Post Office, a new American-spirits-focused bar with old-fashioned charm, could make a whiskey lover out of anyone. At this new Williamsburg spot, owner Alla Lapushchik, a former partner at The Bourgeois Pig and one of the founders of Death & Company, has gathered more than 40 types of the beloved liquor—many from exceptional small-scale distilleries across the country—and her list continues to grow.

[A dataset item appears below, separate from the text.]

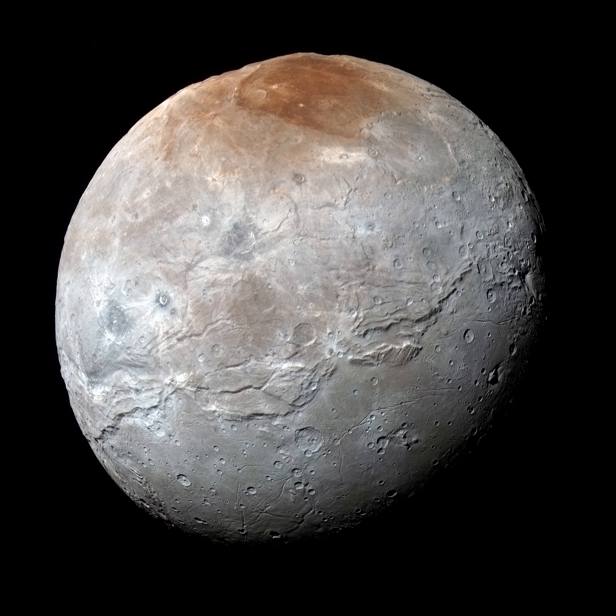NASA's APOD Update of June 3, 2023: Charon, Moon of Pluto.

Named for a Charles Bukowski novel, the bar’s devotion to Americana comes through not only in its drink menu but also in its atmosphere. On a recent evening, classics from crooners like The Drifters and Frankie Valli gave the bar a retro American soundtrack. Warm candlelight flickered across eagle-patterned wallpaper, and rustic salvaged wood, from Build It Green! NYC, covered the adjacent walls. Lights fashioned from decorative whiskey decanters hung over a lovely vintage-looking bar, which was lined with abundant, weathered stools, and cafe-style tables near the windows were furnished with cushioned armchairs in which to relax and sip any number of sensational whiskeys.

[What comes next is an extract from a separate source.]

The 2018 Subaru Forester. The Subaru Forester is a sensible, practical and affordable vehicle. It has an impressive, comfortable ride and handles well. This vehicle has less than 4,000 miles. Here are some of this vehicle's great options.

Post Office caters to the resurgence of interest in American spirits, and its elaborate and extensive drink menu describes the subtleties and flavor of each liquor in detail. Offering whiskeys ranging in price from $4 to $15 for hefty pours, the list includes old Kentucky favorites like Early Times ($5) and Maker’s Mark ($8). But the real stars here are the small-batch spirits like Noah’s Mill bourbon (Kentucky, $11), High West Rendezvous Rye (Utah, $10) and St. George Single Malt whiskey (California, $10).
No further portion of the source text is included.